Remember a few years back, when President Clinton was embroiled in the Whitewater Lewinsky Cigar Insertion Spectacular? Remember when the government lawyers were deposing him (I still have the whole thing on tape; I vowed I would actually sit down and watch it one day, but 8 years later that is starting to seem downright unlikely) and he memorably answered one question by saying, “That depends on what your definition of the word ‘is’ is”? Good times.
I was thinking about that today while I was reading a two-week-old Newsweek (dammit, I paid for that subscription and I am going to read every single issue; two weeks is the closest I’ve come to catching up since May) and I saw a brief piece about determining whether or not Iraq is engaged in civil war. Every time I hear this debate, I think, “Is this really that hard to agree on? It’s like having a prolonged, heated debate over whether or not a baby is sleeping. A debate over whether a thing is or is not a duck seems like it should be shorter. At this point, it’s harder to figure out whether or not Marvel Comics is engaged in Civil War.”
According to this Newsweek article, it turns out the debate is ongoing because the CIA says it all depends on what your definition of “civil war” is. Never to be outdone by the Clinton administration, Bush’s guys have gone behind closed doors to craft a secret way to tell when a civil war is a civil war, and then they classified the definition.
So, do you want to break it to them or should I?
“I’m telling you, it’s a duck. It has feathers and webbed feet and a bill and it quacked and tried vociferously to convince me it was wabbit season.”
“Nope. Sorry. Not a duck.”
“Then what the hell is a duck, then?”
“Can’t tell you. Top secret.”
“Great. Whatever. We’re going to go have some roast Classified, then. You’re not invited.”
The plan appears to be eliminating ducks by calling them manatees.
Later in the same issue of Newsweek, I read about this fascinating new gaming phenomenon called World of Warcraft. You may have heard of this game from the two out of every three people you know who have been playing it since it came out nearly two years ago. If not, you probably heard about it on your local news, when three guys worldwide got so into the game’s virtual world that they forgot to pay their bills and every Action News Team in the country did the Cover Story, “The Video Game That Can Kill Your Child.” I hear next week’s Newsweek piece on Napster is going to be a barnburner. Music, right through your modem.
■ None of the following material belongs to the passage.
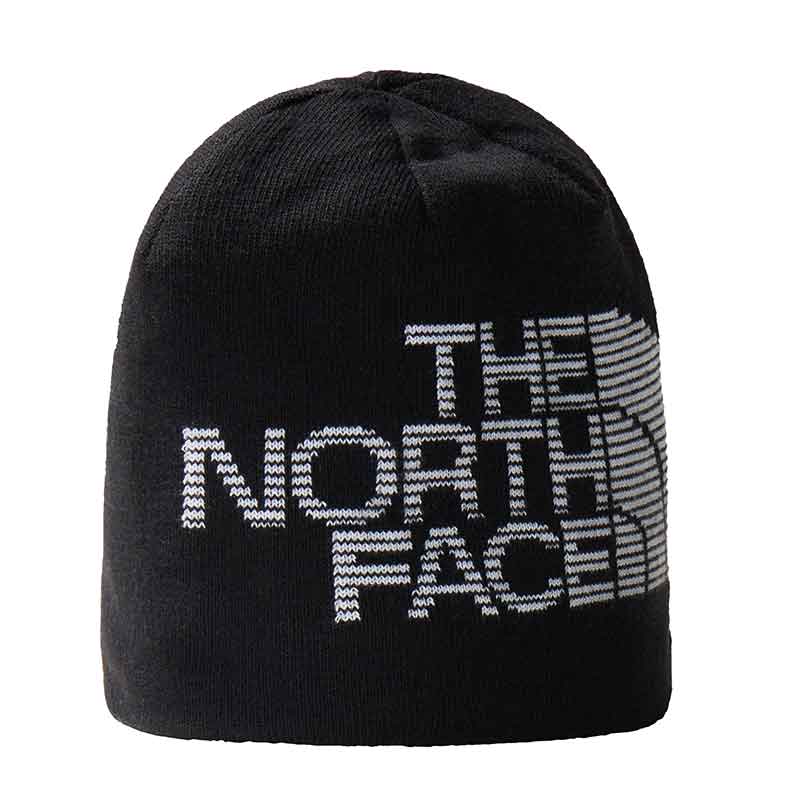 The Nokdjrth Face Cappello Doubleface Highline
How will this affect the Spice Girls’ sales?
I am, in fact, carping about the timeliness of a two-week-old article.
As a news consumer, I’m looking for a very specific product that I don’t think exists anymore, if it ever did. In the digital age, Time and Newsweek and the like are all written and edited under the assumption that the reader already actually knows all the latest news. She checks the headlines online; she watches Jon Stewart; she reads that goddamn ticker on the bottom of, well, everything; she has all those bases covered. That hole pre-filled, the magazines try to set themselves apart by offering news analysis and slices of life and deep background. They give you something beyond the news, which is to say not really all that much of the news.
But what is there for the man who subscribes to a weekly newsmagazine because he wants, desperately wants, not to have to check the headlines twice a day? Or ever? Is there a Factual Summary magazine? Just What Happened? Your Dry Bullet-Pointed Narrative?
Ooh! Do they still put out that Scholastic Weekly Reader? I’ll bet that would do the trick.
September 30th, 2006 at 11:20 am
It’s called RSS. Perhaps there’s a business model in printing a few news feeds and mailing them?
September 30th, 2006 at 1:17 pm
RSS is my inanimate hero. When it comes to news, though, I get the sense that I would just end up getting the minute by minute, “something happened but we don’t know the details yet” headlines I want to avoid dumped into my feed reader instead of onto my home page.